People can see through Power Points, and the testing mania (like all fads) seems to be (hopefully) approaching the end of its life. Some testing is necessary to make sure that everyone is on track, particularly for kids that are in danger of being left behind, but too much testing takes away from learning rather than contributing to it and demoralizes teachers, giving them the message that they can’t be trusted to know their own students.
educator???
November 2nd, 2009
3:03 pm
Sorry if this post appears twice. My internet connection seems to be acting up – I don’t think it’s the problem on the AJC side.
catlady, what’s your definition of “educators”?
I might say that so many teachers aren’t educators/teachers since their students arent learning.
Tony
November 2nd, 2009
5:26 pm
Catlady-one of the best college courses I took was taught by the president of the university.
Echo
November 2nd, 2009
6:36 pm
“testing isn’t teaching”? really? So I guess spending hours on redundant paperwork to document what you would be doing if you were teaching instead of filling out documentation is teaching? Mastery documentation…hmmm, remediation…
I have been teaching for 13 years and I have NEVER seen so much garbage paperwork. Something has to give.
catlady
November 2nd, 2009
7:52 pm
Yeah, I have been in college presidents’ classes before, due to my PhD program. I am not saying they cannot teach a course or two, but on the whole they are former educators.
Teachers who are doing their jobs instruct. Students who are doing their jobs learn.

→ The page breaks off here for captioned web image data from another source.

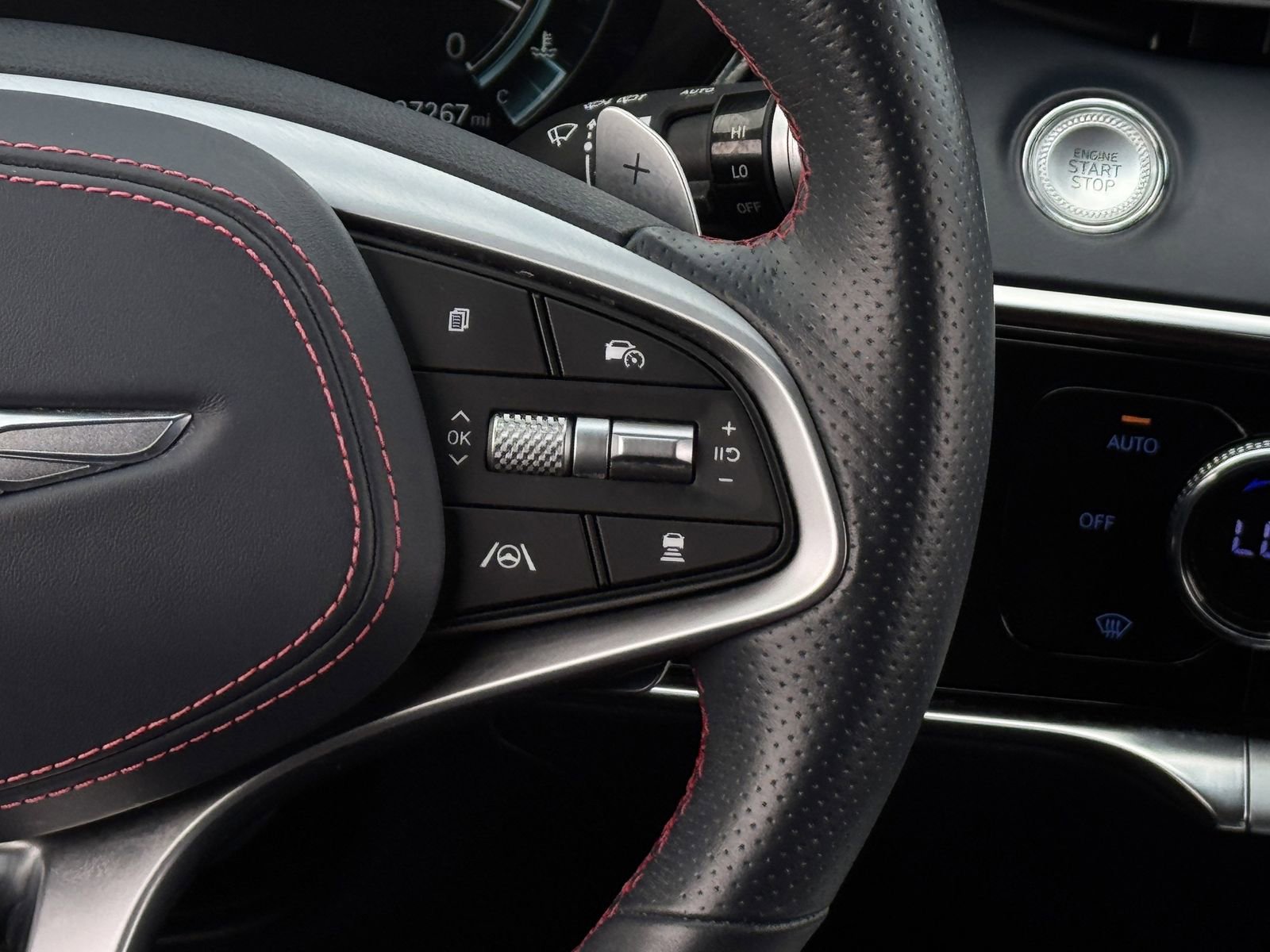 Used 2023 Genesis GV70 2.5T w/ Sport Prestige Package image 16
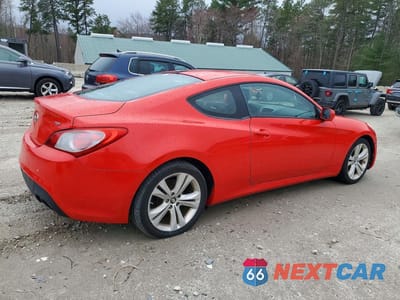 Trzecie zdjęcie samochodu z tyłu: 2011 HYUNDAI GENESIS VIN:KMHHT6KD9BU061450 - miniatura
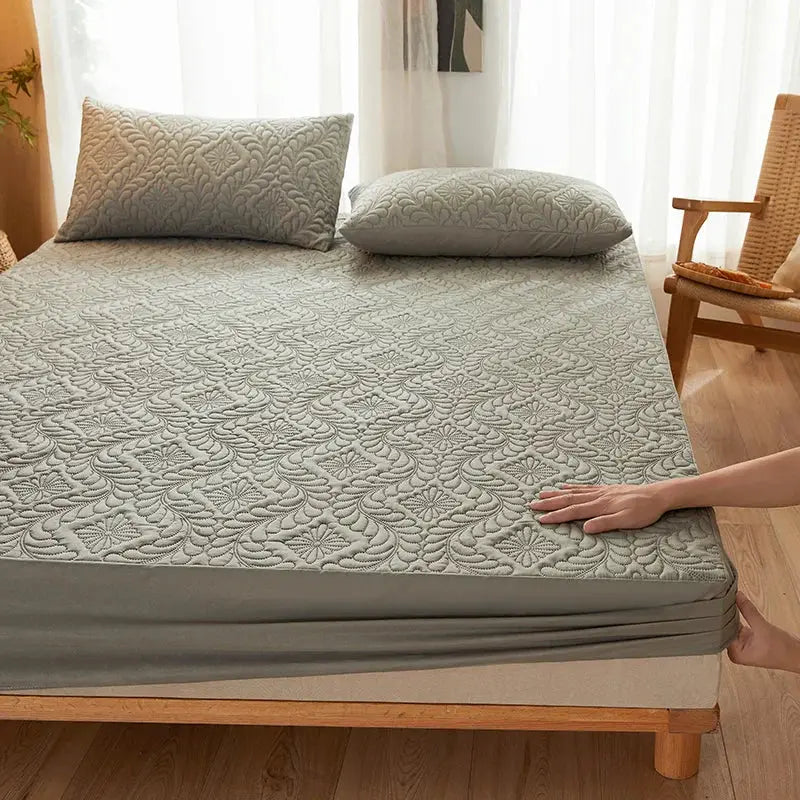 Simples Market waterproof quilted mattress protector, breathable anti-mite antibacterial fitted cover in gray with two pillows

definition of an "educator"
November 2nd, 2009
9:04 pm
“Teaching,” or “instructing,” is something one does to help students learn. If students don’t learn, whatever the person can’t be called “teaching” – it was just an attempt to teach.
Echo
November 2nd, 2009
9:09 pm
If students don’t learn because of their own lack of motivation or intelligence that isn’t because the teacher didn’t teach. Some students just chose to tune out whatever is being presented for whatever reason.